___ Supplied data ___
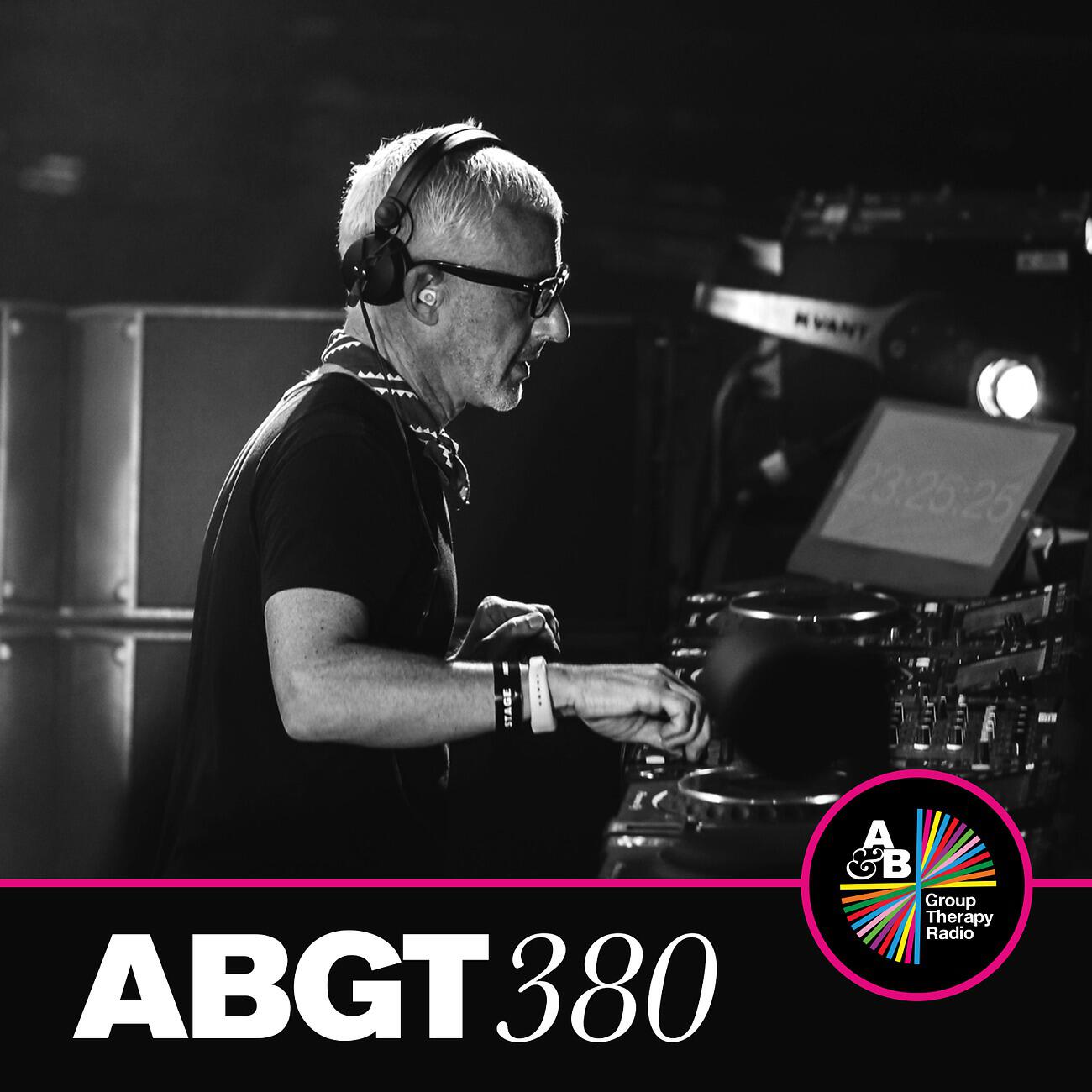 Jerome Isma-Ae - Hold That Sucker Down (Push The Button) [ABGT380] (Charlotte de Witte Trance Remix)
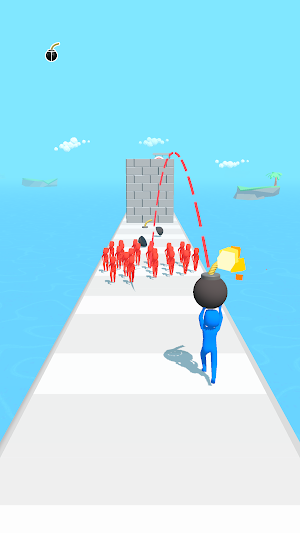 Assemble Run Screenshot 2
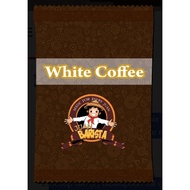 JUAN BARISTA WHITE COFFE VENDO MIX 1KILOGRAM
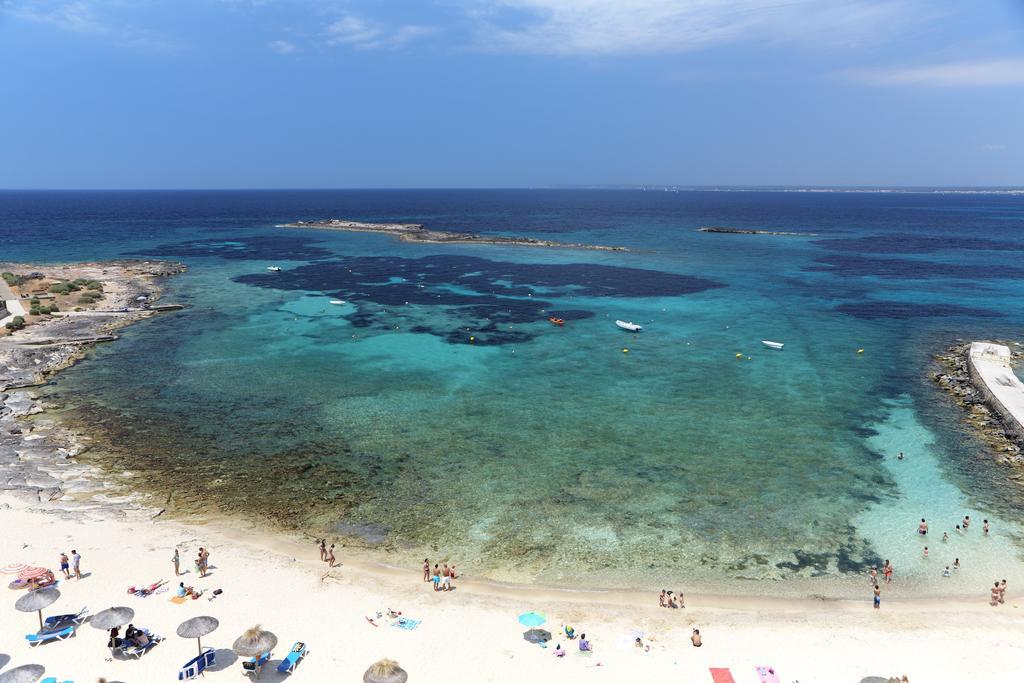 Universal Hotel Cabo Blanco - Adults Only كولونيا سانت خورذي المظهر الخارجي الصورة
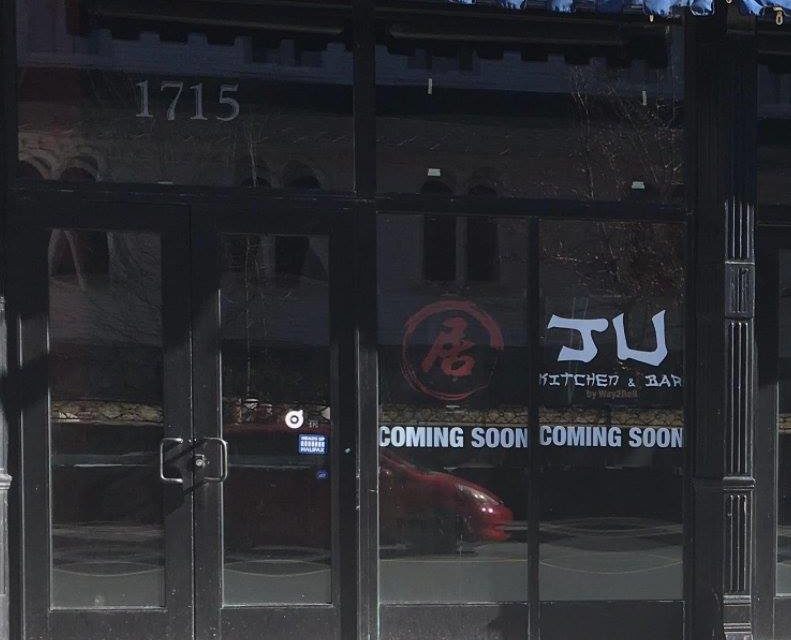 A New Sobeys, Thai Express Sackville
___
■ **What you are asked to do**
Please return, without any change, the lines from the line containing "JUAN BARISTA WHITE COFFE VENDO MIX 1KILOGRAM" through the last line of the entries, dropping the pictures.

■ **Reply**
 JUAN BARISTA WHITE COFFE VENDO MIX 1KILOGRAM
 Universal Hotel Cabo Blanco - Adults Only كولونيا سانت خورذي المظهر الخارجي الصورة
 A New Sobeys, Thai Express Sackville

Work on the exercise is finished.